A lively research line discards the sampling grid altogether and represents an image as a continuous function, typically a small neural network mapping coordinates $(x, y)$ to color: the implicit neural representation (INR) lineage started by SIREN (Sitzmann et al., 2020). Once an image is a function, "resolution" becomes a rendering choice rather than a property of the data, enabling arbitrary-scale super-resolution: LIIF began this thread, and Thera (Becker et al., CVPR 2025) made it explicitly anti-aliased by attaching a physically motivated heat-field decay to each frequency component, so that rendering at any scale automatically suppresses frequencies the target grid cannot carry, the Nyquist rule of this section baked into the architecture. Related 2024 to 2026 work on Gaussian-splat image representations pursues the same goal with sums of 2D Gaussians instead of neural fields. The lesson for practitioners: the sampling theorem is not going away; new methods succeed precisely by respecting it by construction.

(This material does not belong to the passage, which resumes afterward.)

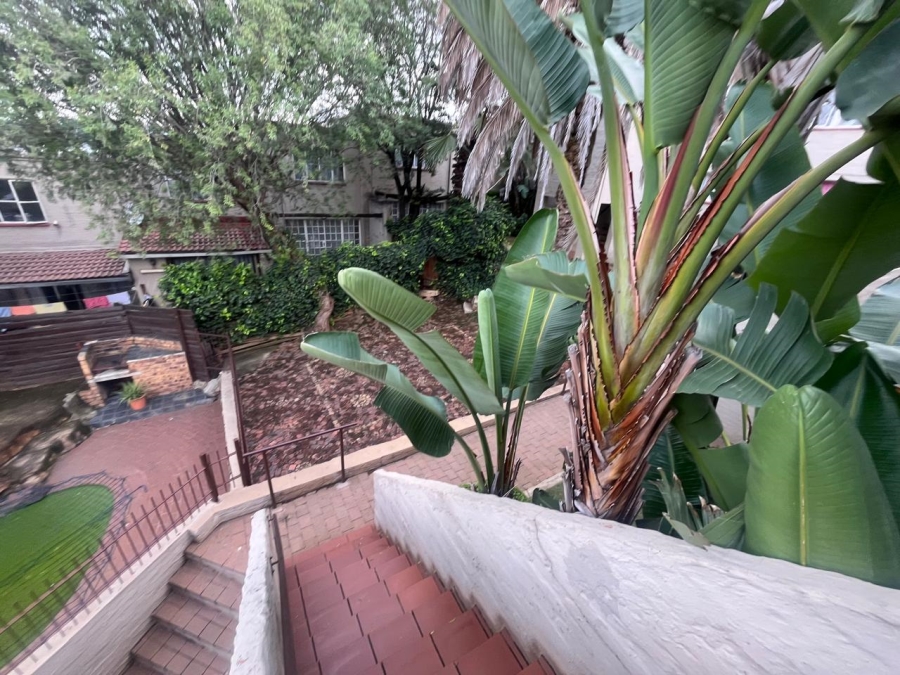 To Let 2 Bedroom Property for Rent in Ridgeway Gauteng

A 4000 pixel wide photograph of a building contains railings that repeat every 3 pixels. The web team displays it at 800 pixels wide using nearest-neighbor scaling. Predict what the railings will look like and why. Would the artifact disappear if they instead displayed the image at 1333 pixels wide? Explain using the $f_s > 2 f_{\max}$ criterion.
Using Code 1.2.3 as a base, quantize a natural photograph (not a ramp) to every bit depth from 8 down to 1. For each depth compute the mean squared error against the original and convert it to a signal-to-noise ratio in dB. Plot SNR versus bits and fit a line: how close is your slope to 6.02 dB per bit, and at which bit depths does the natural image deviate from the uniform-error theory? Inspect the histogram to explain the deviation.
Dithered images and resizing interact badly. Take the 1-bit dithered ramp from Code 1.2.4 and downsample it by 2× first with INTER_NEAREST, then with INTER_AREA. Describe and explain the artifacts in each result. Which step of this section's theory did the nearest-neighbor path violate, and why is dithered content especially vulnerable to it?